EXERCISE INSTRUCTIONS >> No line before the one holding "la cocina 🍽️🧽" is wanted; restate word for word that line and all lines after it to the end of the entries, excluding pictures.

[DATASET EXTRACT — start]

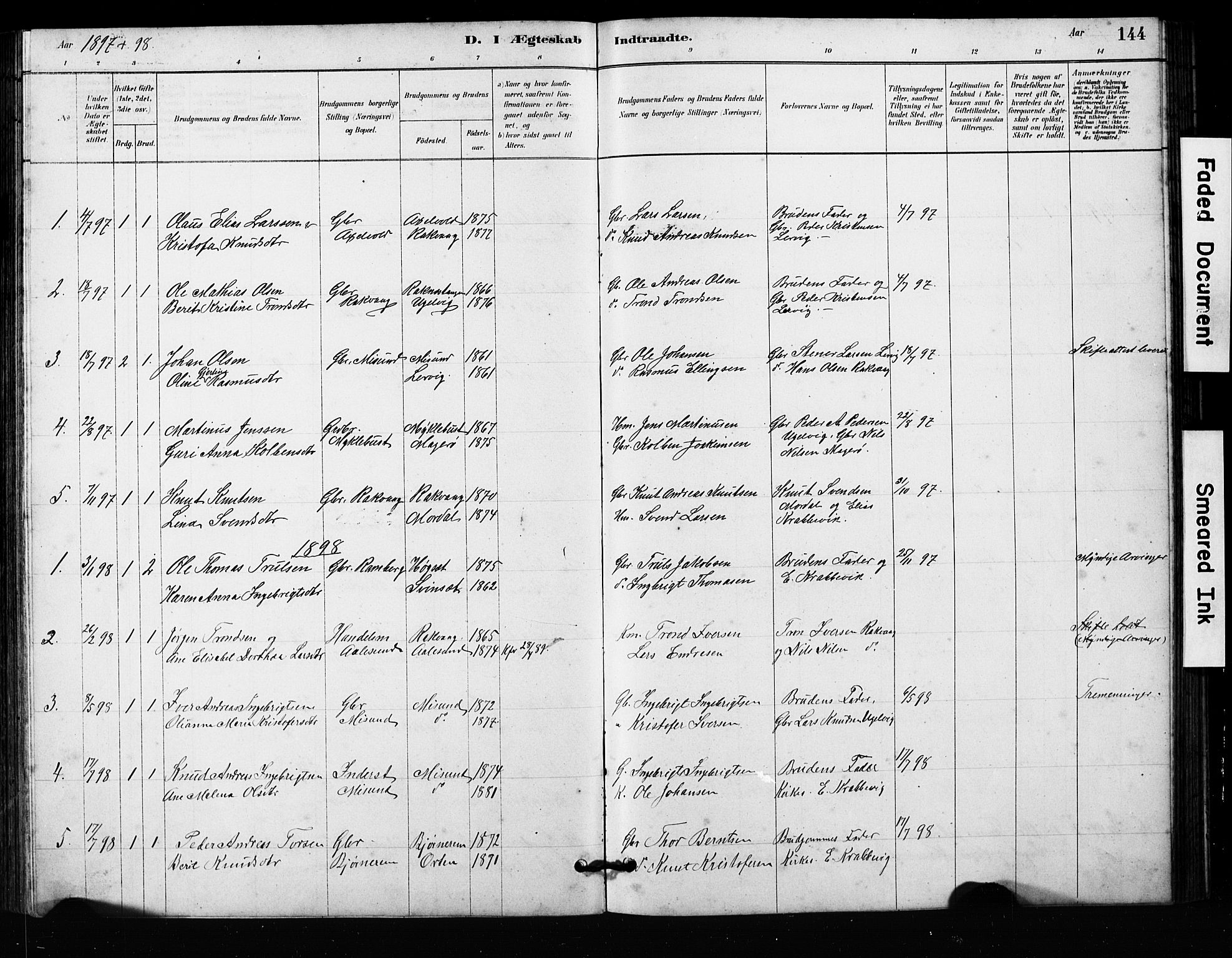 Ministerialprotokoller, klokkerbøker og fødselsregistre - Møre og Romsdal, SAT/A-1454/563/L0737: Parish register (copy) no. 563C01, 1878-1916, p. 144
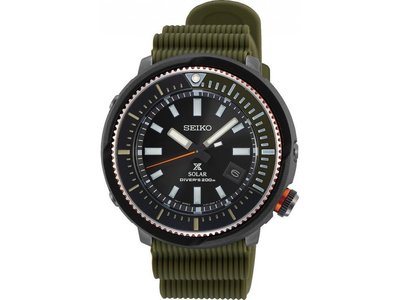 【金台鐘錶】SEIKO 精工錶 鮪魚罐頭 46mm 太陽能 200m 潛水錶 (黑面x綠膠帶) SNE547P1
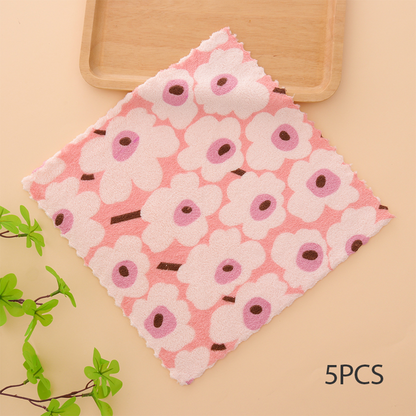 🔥 ¡50 % DE DESCUENTO EN EL PRODUCTO MÁS VENDIDO! ✨ 5 paños de cocina de franela coral: paños de limpieza superabsorbentes y de secado rápido para uso doméstico y en la cocina 🍽️🧽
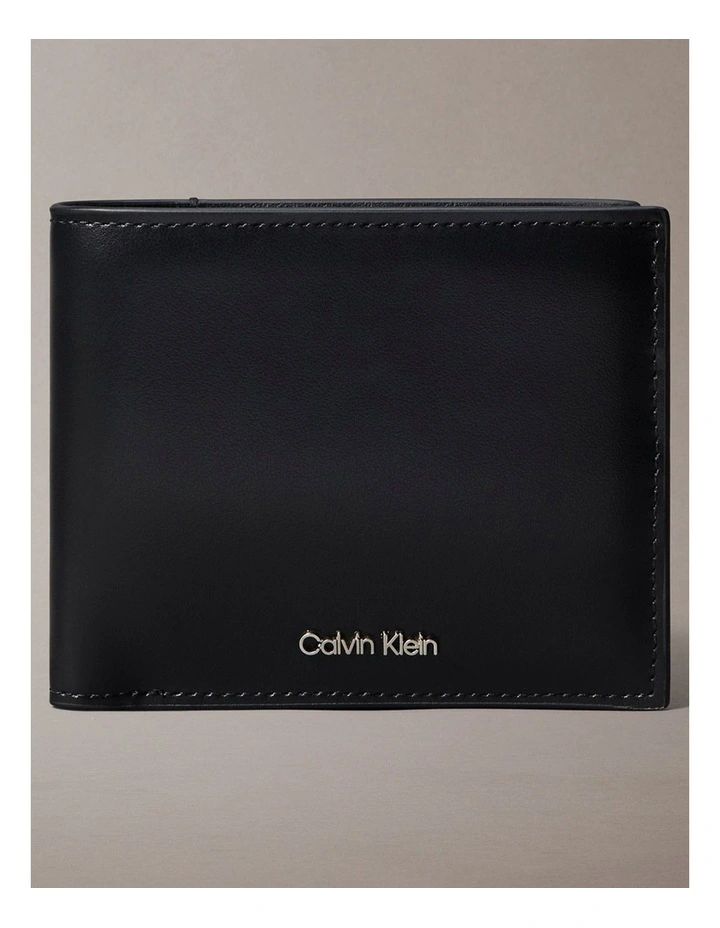 Raised Bi-fold Wallet with Coin and Credit Card Holder in Black image 1
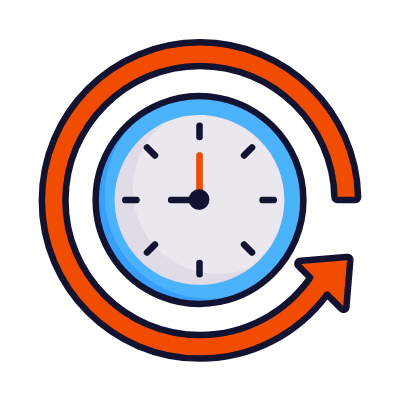 Reversed clock, Animated Icon, Lineal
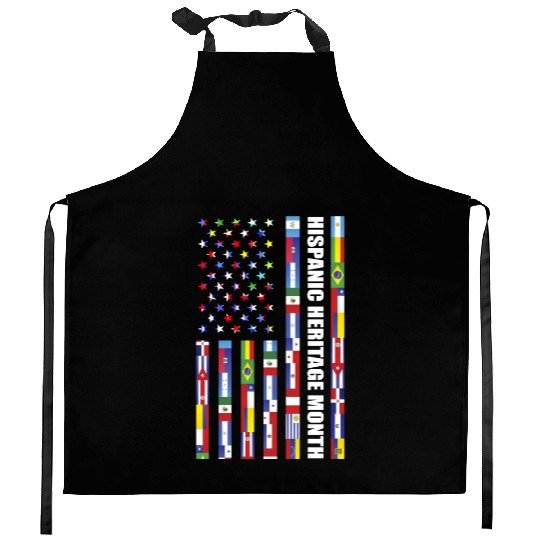 Hispanic Heritage month USA Flag all Countries Kitchen Aprons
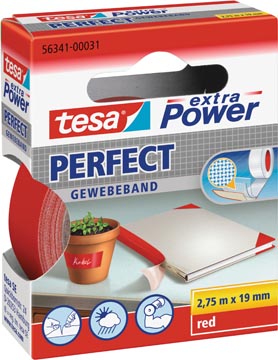 Tesa extra power perfect, ft 19 mm x 2,75 m, rouge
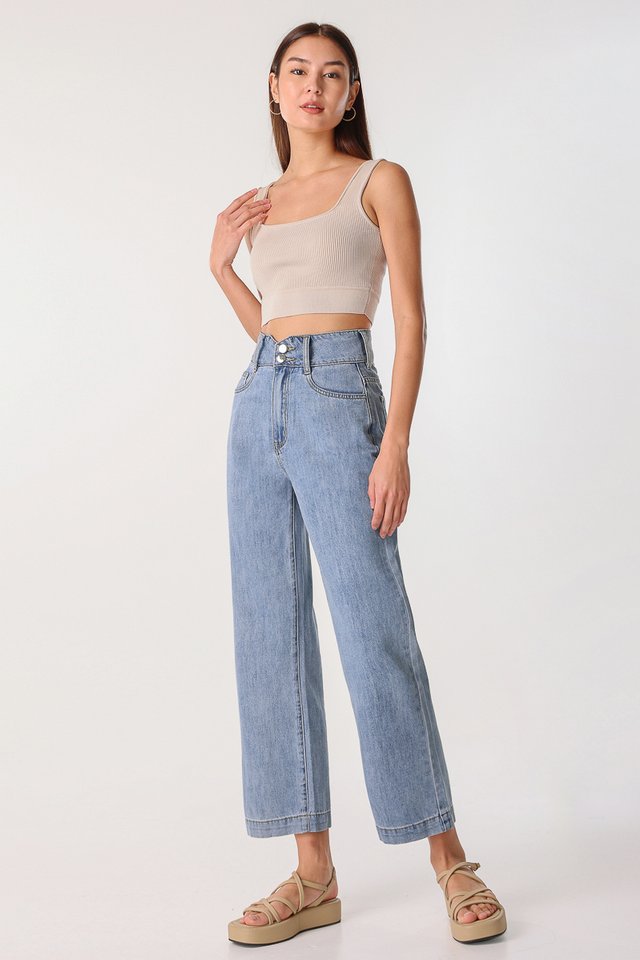 DIVA DOUBLE BUTTON DENIM JEANS (MID WASHED)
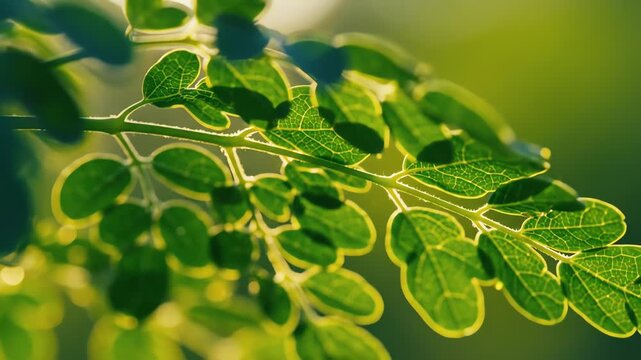 Golden sunlight shining through fresh green moringa leaves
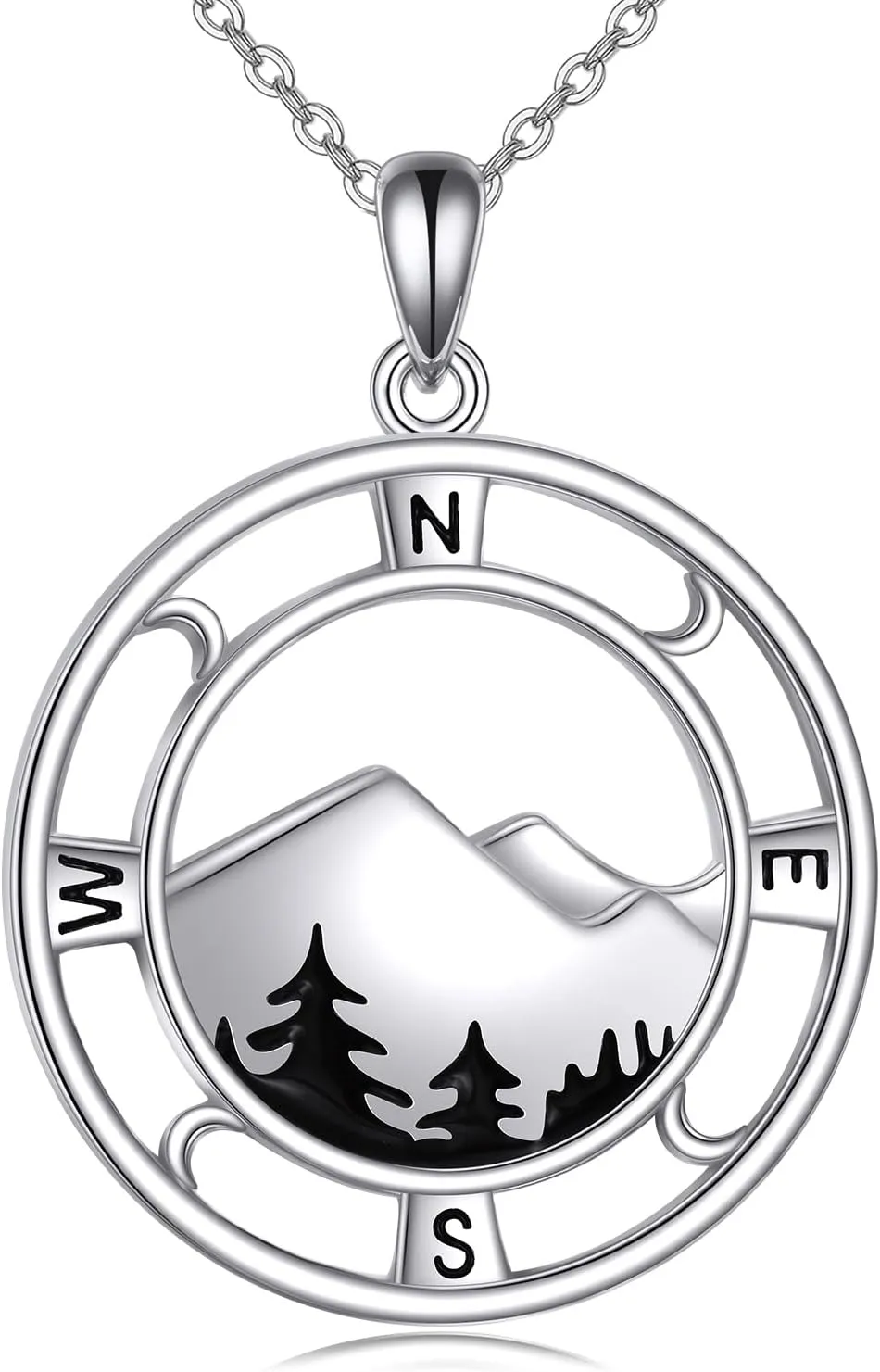 TIGER RIDER 925 Sterling Silver Compass Necklace for Women Evil Eye Pendant Necklace Inspirational Graduation Birthday Valentines Gifts Jewelry Gifts for Men Wife Girlfriend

[DATASET EXTRACT — finish]

EXERCISE RESULT >>
 🔥 ¡50 % DE DESCUENTO EN EL PRODUCTO MÁS VENDIDO! ✨ 5 paños de cocina de franela coral: paños de limpieza superabsorbentes y de secado rápido para uso doméstico y en la cocina 🍽️🧽
 Raised Bi-fold Wallet with Coin and Credit Card Holder in Black image 1
 Reversed clock, Animated Icon, Lineal
 Hispanic Heritage month USA Flag all Countries Kitchen Aprons
 Tesa extra power perfect, ft 19 mm x 2,75 m, rouge
 DIVA DOUBLE BUTTON DENIM JEANS (MID WASHED)
 Golden sunlight shining through fresh green moringa leaves
 TIGER RIDER 925 Sterling Silver Compass Necklace for Women Evil Eye Pendant Necklace Inspirational Graduation Birthday Valentines Gifts Jewelry Gifts for Men Wife Girlfriend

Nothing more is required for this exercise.